Why we should abandon “statistical significance”

So a nice paper by McShane et al. has appeared on the arXiv with the title Abandon Statistical Significance and abstract:

In science publishing and many areas of research, the status quo is a lexicographic decision rule in which any result is first required to have a p-value that surpasses the 0.05 threshold and only then is consideration–often scant–given to such factors as prior and related evidence, plausibility of mechanism, study design and data quality, real world costs and benefits, novelty of finding, and other factors that vary by research domain. There have been recent proposals to change the p-value threshold, but instead we recommend abandoning the null hypothesis significance testing paradigm entirely, leaving p-values as just one of many pieces of information with no privileged role in scientific publication and decision making. We argue that this radical approach is both practical and sensible.

This piece is in part a reaction to a paper by Benjamin et al. in Nature Human Behaviour that argues for the adoption of a standard threshold of p=0.005 rather than the more usual p=0.05. This latter paper has generated a lot of interest, but I think it misses the point entirely. The fundamental problem is not what number is chosen for the threshold p-value, but what this statistic does (and does not) mean. It seems to me the p-value is usually an answer to a question which is quite different from that which a scientist would want to ask, which is what the data have to say about a given hypothesis. I’ve banged on about Bayesian methods quite enough on this blog so I won’t repeat the arguments here, except that such approaches focus on the probability of a hypothesis being right given the data, rather than on properties that the data might have given the hypothesis.
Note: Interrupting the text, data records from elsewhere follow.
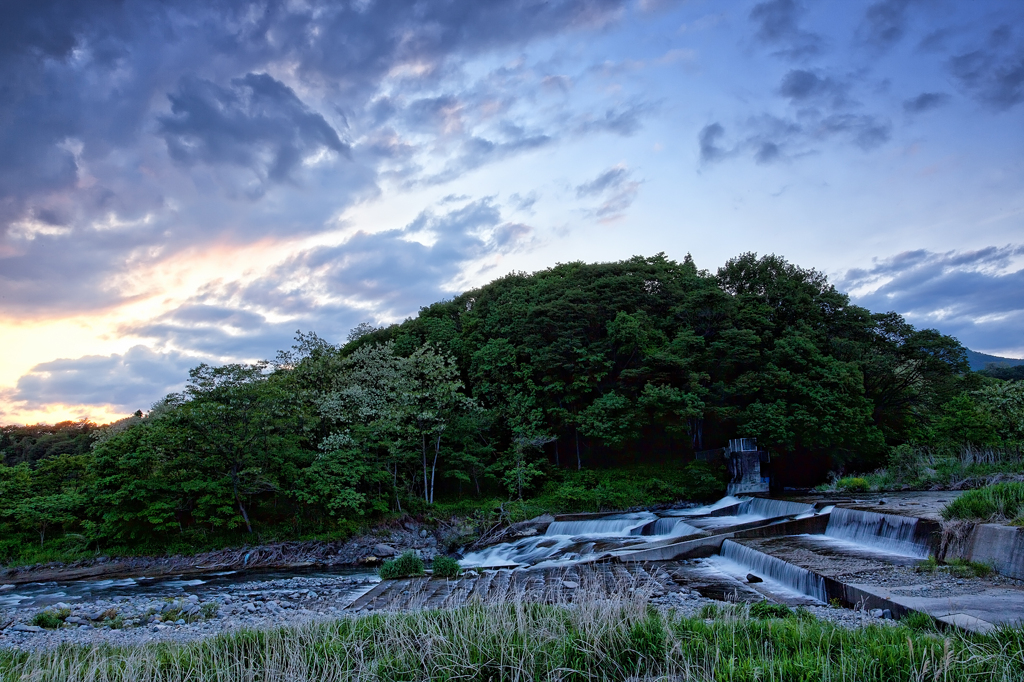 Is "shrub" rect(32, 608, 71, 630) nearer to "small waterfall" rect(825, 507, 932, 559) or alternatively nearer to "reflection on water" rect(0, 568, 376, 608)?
"reflection on water" rect(0, 568, 376, 608)

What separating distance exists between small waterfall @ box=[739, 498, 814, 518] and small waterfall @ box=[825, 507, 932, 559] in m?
2.21

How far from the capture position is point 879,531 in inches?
560

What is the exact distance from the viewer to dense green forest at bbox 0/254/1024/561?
21531 millimetres

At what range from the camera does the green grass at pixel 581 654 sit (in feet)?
16.4

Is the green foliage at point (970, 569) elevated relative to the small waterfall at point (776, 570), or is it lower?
elevated

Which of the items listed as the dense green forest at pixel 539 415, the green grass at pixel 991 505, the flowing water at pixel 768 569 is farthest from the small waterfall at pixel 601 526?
the green grass at pixel 991 505

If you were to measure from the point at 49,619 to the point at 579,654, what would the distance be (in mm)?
13688

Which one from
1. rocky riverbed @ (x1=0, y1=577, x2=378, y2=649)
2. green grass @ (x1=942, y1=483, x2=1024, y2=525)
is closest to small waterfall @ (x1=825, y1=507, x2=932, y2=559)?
green grass @ (x1=942, y1=483, x2=1024, y2=525)

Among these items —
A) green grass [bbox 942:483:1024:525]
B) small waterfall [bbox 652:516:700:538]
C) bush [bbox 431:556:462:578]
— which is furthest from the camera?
small waterfall [bbox 652:516:700:538]

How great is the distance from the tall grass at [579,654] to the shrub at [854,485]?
69.4ft

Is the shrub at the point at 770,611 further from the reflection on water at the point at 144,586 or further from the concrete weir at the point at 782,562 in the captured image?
the reflection on water at the point at 144,586

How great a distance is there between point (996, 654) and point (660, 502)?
21816 mm

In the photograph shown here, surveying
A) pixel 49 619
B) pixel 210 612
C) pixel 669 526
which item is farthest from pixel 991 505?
pixel 49 619

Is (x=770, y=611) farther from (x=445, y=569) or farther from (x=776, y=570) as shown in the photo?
(x=445, y=569) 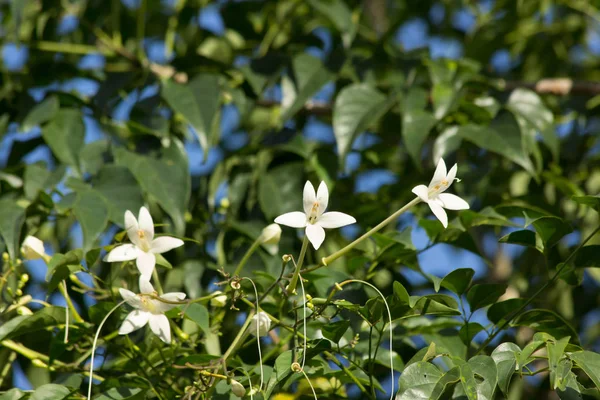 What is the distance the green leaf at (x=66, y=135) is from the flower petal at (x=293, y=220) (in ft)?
1.90

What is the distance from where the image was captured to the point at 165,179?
1.17m

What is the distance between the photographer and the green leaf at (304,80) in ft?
4.27

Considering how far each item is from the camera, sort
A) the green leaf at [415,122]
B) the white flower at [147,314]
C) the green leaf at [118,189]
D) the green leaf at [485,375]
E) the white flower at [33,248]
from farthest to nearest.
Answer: the green leaf at [415,122] < the green leaf at [118,189] < the white flower at [33,248] < the white flower at [147,314] < the green leaf at [485,375]

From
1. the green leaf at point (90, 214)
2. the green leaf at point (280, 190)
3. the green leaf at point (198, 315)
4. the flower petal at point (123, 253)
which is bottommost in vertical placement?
the green leaf at point (280, 190)

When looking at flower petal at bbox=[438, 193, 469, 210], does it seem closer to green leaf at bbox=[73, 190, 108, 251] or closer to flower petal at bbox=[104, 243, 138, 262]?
flower petal at bbox=[104, 243, 138, 262]

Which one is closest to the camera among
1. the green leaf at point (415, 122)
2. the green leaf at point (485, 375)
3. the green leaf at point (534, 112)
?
the green leaf at point (485, 375)

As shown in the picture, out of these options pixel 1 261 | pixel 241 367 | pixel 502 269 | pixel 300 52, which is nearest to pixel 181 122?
pixel 300 52

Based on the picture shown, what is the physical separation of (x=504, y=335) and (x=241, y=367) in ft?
1.96

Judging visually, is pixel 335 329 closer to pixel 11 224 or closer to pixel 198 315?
pixel 198 315

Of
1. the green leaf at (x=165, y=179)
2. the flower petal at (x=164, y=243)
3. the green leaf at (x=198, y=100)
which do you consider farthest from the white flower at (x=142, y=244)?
the green leaf at (x=198, y=100)

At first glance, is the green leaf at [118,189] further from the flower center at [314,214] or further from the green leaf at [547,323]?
the green leaf at [547,323]

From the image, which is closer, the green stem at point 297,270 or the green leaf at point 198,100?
the green stem at point 297,270

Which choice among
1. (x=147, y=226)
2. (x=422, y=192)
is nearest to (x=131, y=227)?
(x=147, y=226)

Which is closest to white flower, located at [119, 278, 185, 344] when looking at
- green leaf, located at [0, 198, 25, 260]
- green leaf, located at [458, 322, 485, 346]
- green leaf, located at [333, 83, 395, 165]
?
green leaf, located at [0, 198, 25, 260] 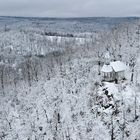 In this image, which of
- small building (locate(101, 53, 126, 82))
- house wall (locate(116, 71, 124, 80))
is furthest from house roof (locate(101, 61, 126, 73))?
house wall (locate(116, 71, 124, 80))

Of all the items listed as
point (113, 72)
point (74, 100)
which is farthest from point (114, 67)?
point (74, 100)

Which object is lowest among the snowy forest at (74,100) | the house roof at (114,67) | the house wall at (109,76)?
the snowy forest at (74,100)

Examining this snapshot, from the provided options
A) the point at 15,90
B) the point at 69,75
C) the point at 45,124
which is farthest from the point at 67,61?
the point at 45,124

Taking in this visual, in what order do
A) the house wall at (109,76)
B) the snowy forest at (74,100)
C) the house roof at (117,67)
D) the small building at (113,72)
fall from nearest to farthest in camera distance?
the snowy forest at (74,100)
the house roof at (117,67)
the small building at (113,72)
the house wall at (109,76)

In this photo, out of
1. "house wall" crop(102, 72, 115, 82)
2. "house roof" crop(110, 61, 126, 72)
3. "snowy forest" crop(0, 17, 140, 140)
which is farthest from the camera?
"house wall" crop(102, 72, 115, 82)

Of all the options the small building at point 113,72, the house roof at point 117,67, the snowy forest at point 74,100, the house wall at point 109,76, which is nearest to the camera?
the snowy forest at point 74,100

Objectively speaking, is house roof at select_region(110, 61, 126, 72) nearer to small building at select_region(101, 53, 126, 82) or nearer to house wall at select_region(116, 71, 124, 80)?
small building at select_region(101, 53, 126, 82)

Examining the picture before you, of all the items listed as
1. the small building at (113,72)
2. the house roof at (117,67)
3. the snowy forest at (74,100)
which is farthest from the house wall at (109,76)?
the snowy forest at (74,100)

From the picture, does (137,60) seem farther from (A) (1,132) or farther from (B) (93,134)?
(A) (1,132)

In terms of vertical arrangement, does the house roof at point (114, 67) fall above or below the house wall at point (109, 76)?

While I generally agree with the arguments given in McShane et al, I don’t think it goes far enough. I think p-values are so misleading, if I had my way I’d ban them altogether!

6 Responses to “Why we should abandon “statistical significance””

  1. I’m more hesitant to throw out the classical statistical framework built up by Pearson, Neyman, Fisher, etc — these guys were certainly careful thinkers and mathematicians. With p-values you get an objective answer to a well-defined question. Unfortunately, the “probability of a hypothesis being right” has a fuzzy definition that can only be quantified in terms of “degree of belief”, an inherently subjective and ill-defined thing. I like seeing p-values and statistical power and confidence intervals — in the best cases, at least, they’re numbers I can wrap my head around.

    • The answer you get for a p-value is well-defined, but it is an answer to a question which is almost always irrelevant to the problem at hand.

      Bayesian probability needs to include prior information, and is subjective only in the sense that different people have access to different information. There’s nothing “ill-defined” about it however: the logical meaning of a posterior probability is very clear.

      • I think the logic behind going from prior to posterior is consistent. Unfortunately, the quantity that is being updated, the Degree of Belief in the hypothesis, has no physical meaning that I know of.

        Frequentist probability I understand: flipping coins, spinning roulette wheels, repeating measurements. Degree of belief, I’m not so sure. What does it mean to have a 95% degree of belief that the Hubble Constant is between 67 and 69 km/s/Mpc? Is there a definition that doesn’t boil down to “it’s my personal attempt to assign a number to a gut instinct”?

      • Bayesian probability is the only consistent way of generalising the Boolean logic of 0 and 1 to the intermediate case in which there is insufficient information to assign 0 or 1. Any other system is inconsistent.

        I’m puzzled by your assertion that this means that Bayesian probability has `no physical meaning’.

        It’s worth also pointing out that frequentist probabilities are defined using an infinite number of repeated experiments. That’s not really a physical definition.

      • It seems a bit odd to me to use infinity in an operational definition, though I’ll grant that one does sometimes use limits. Where infinities occur in physics they tend represent places where theory is incomplete, not entities that exist in the physical world. My main objection, however, is the use of the concept of an ensemble in such definitions. I think that’s unphysical.

        I mentioned subjectivity of priors in the post. They are subjective only in the sense that different people have different information. At least the Bayesian approach puts the prior information or prior assumptions on the table, whereas frequentist approaches ignore it entirely.
        I like priors and do not feel even slightly defensive about them. You nearly always know more than you think you do.

      • Anton Garrett Says:

        Forget about degree of belief with all the psychological baggage. Consider probability as a numerical measure of the extent to which one proposition implies the truth of another, according to the relations you are aware of between the things to which the propositions refer.

        And if you object to that definition, it’s no matter, for strength of implication is what you actually want in every problem in which you have uncertainty, and it can be shown to obey two relations which are the sum and product rules, commonly known as “the laws of probability”.

        It is true that we do not know how to quantify the prior information we have in many cases, but that (Phillip) does not mean priors are subjective – it should be a motivation to do more research rather than to give up.